- Status: Active
- Genre: Cultural festival
- Frequency: Annually
- Venue: Chonde Cultural Village, Mulanje
- Country: Malawi
- Inaugurated: Around 2011 (annual event); association founded 2007-08
- Attendance: Thousands (estimates)
- Patron: Peter Mutharika
- Organised by: Mulhako wa Alhomwe (trust for the Lhomwe people)

= Mulhako wa Alhomwe =

Annual cultural festival of the Lhomwe people in Malawi

Mulhako wa Alhomwe (sometimes written Mulhako wa a Lhomwe or Mulhakho wa Alhomwe) is an annual cultural festival held by the Lhomwe people (also spelled Lomwe) in Malawi. The festival is organised by a cultural association of the same name, which seeks to preserve, promote and celebrate Lhomwe heritage, language and traditions.

== History ==
The Mulhako wa Alhomwe cultural association was founded between 2007 and 2008 under the patronage of then State President Bingu wa Mutharika, formally launching in 2008 to serve as a “gateway” for Lhomwe cultural identity. The name “Mulhako” means “door” in Chilomwe language, thus symbolising the association’s role as a doorway to Lhomwe culture.

The festival is held annually, typically in the month of October, at the association’s headquarters in Chonde, Mulanje District, in Southern Malawi.

== Purpose and significance ==
The festival is designed to revive and sustain Lhomwe cultural traditions which had been marginalised, including the Chilomwe language, traditional dances (such as the tchopa dance), crafts, cuisine and oral heritage. It also serves as a focal point for cultural pride, community identity and inter-generational transmission of Lhomwe heritage.

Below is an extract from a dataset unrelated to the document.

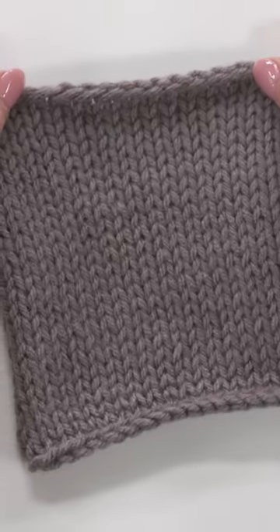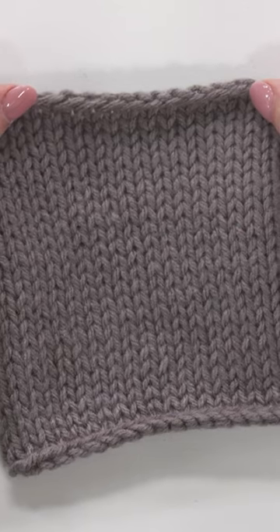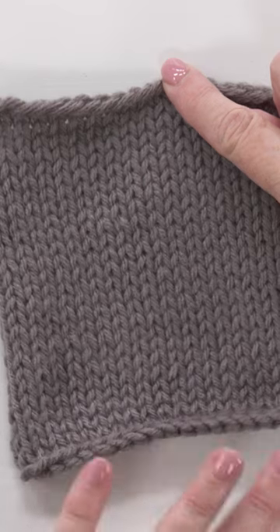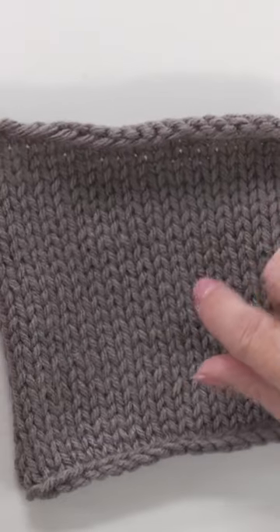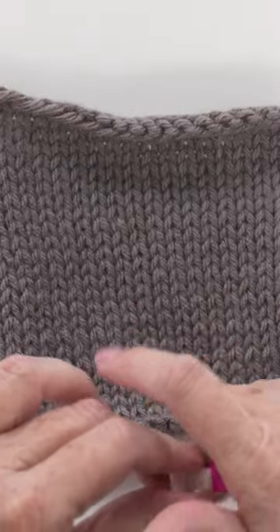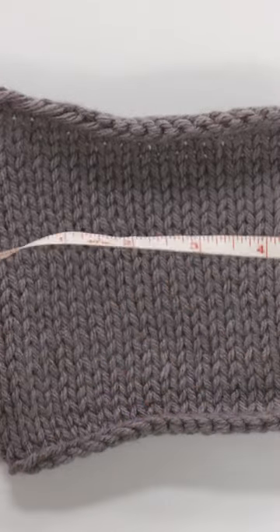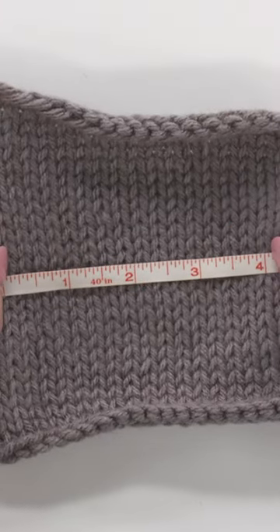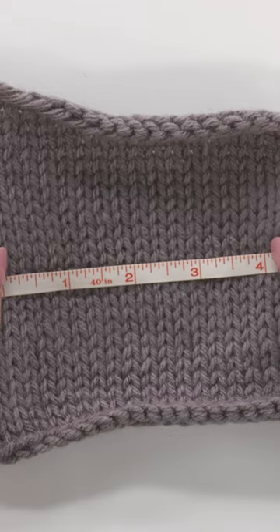Here's why: it's really difficult to get an accurate stitch count along the bound off edge, the cast on edge, and either side. So if my gauge swatch is at least five inches — and again, six is better — then when I'm measuring I can measure in the middle and I'm sure I'm getting the most accurate gauge.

In recent editions, the organisers have incorporated social themes such as addressing youth challenges (including drug abuse and suicide) through culture and unity. Moreover, the festival is open to participants beyond the Lhomwe community and is cited as one of Malawi’s most celebrated cultural gatherings, contributing to cultural tourism and national heritage.

== Activities and features ==
During the festival, attendees can expect:
- Traditional dance and music performances showcasing Lhomwe heritage.
- Exhibitions of Lhomwe crafts, clothing, tools and arts reflecting indigenous knowledge and material culture.
- Displays of traditional Lhomwe cuisine (for example cassava‐based dishes) and local brews.
- Oral recitations, storytelling, and language classes or demonstrations in Chilomwe.
- Speeches by cultural leaders, community elders and sometimes national dignitaries, emphasising cultural revival and unity.

== Venue ==
The event takes place at the headquarters of the Mulhako wa Alhomwe trust in Chonde in the Mulanje District of Malawi.

== Recent developments ==
The 2020 edition of the festival was postponed due to the COVID-19 pandemic as gathering restrictions applied; the organisers publicly announced the suspension of that year’s event for safety reasons.

== Criticism and challenges ==
While the festival has been widely praised for cultural revitalisation, observers have noted that actual attendance figures are not reliably documented and that some of the funding comes from government support despite the festival’s stated non-political status.

== Cultural and national importance ==
The Mulhako wa Alhomwe festival is one of the key heritage events in Malawi, particularly for the Lhomwe ethnic group, contributing to cultural diversity, the preservation of intangible heritage and cross-cultural awareness in the country. It is listed among the country’s main cultural events in tourism and festival calendars.